I have been told that the answer should result in a vector even though, in the course, vector-valued integrals were never defined and so the notions of "$\times\mathrm{d}\mathbf{S}$" and "$\times\mathrm{d}\mathbf{r}$" were also not defined, so while I personally believe this question was unfair, I'm asking more about whether or not it's possible.
If this is a mistake, could you explain why? And if it isn't, can you prove it?

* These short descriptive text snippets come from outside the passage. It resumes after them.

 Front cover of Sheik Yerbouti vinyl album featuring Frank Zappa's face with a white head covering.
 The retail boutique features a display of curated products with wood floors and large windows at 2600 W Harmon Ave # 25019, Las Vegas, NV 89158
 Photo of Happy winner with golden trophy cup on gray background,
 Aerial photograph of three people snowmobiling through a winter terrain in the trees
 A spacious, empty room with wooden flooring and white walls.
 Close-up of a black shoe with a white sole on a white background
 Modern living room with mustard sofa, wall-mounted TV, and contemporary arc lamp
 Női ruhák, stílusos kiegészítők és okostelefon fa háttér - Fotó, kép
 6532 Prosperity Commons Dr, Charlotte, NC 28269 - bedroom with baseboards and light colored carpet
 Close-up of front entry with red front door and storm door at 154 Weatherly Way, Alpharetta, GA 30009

 A: It resembles the following vector variant of Stokes' theorem
$$\iint_S(\mathbf{n}\times\nabla)\times \mathbf{F}\,dS=-\int_C\mathbf{F}\times\mathrm{d}\mathbf{r}.$$
Proof. Note that
$$
(\mathbf{n}\times\nabla)\times \mathbf{F}=
\left| \begin{array}{ccc}
\mathbf{i} & \mathbf{j} & \mathbf{k} \\
n_2\frac{\partial}{\partial z}-n_3\frac{\partial}{\partial y} 
&  
n_3\frac{\partial}{\partial x}-n_1\frac{\partial}{\partial z} 
& 
n_1\frac{\partial}{\partial y}-n_2\frac{\partial}{\partial x} \\
F_1 & F_2 &  F_3 
\end{array} \right|
$$
and therefore, by comparing the $x$ components of both sides we find
$$
\begin{align}\left(\iint_S(\mathbf{n}\times\nabla)\times \mathbf{F}\,dS\right)_x
&=\iint_S \left(n_3\frac{\partial F_3}{\partial x}-n_1\frac{\partial F_3}{\partial z}
-n_1\frac{\partial F_2}{\partial y}+n_2\frac{\partial F_2}{\partial x}\right)dS\\
&=\iint_S \left(-\frac{\partial F_3}{\partial z}-\frac{\partial F_2}{\partial y},\frac{\partial F_2}{\partial x},\frac{\partial F_3}{\partial x}\right)\cdot d\mathbf{S}\\
&=\iint_S \left(\nabla \times\left(0,F_3,-F_2\right)\right)\cdot d\mathbf{S}\quad \text{(Stokes' Theorem)}\\
&=\int_C \left(0,F_3,-F_2\right)\cdot d\mathbf{r}\\
&=\left(-\int_C\mathbf{F}\times\mathrm{d}\mathbf{r}\right)_x.
\end{align}$$
Similarly we can verfy that the equality holds also for $y$ and $z$ components.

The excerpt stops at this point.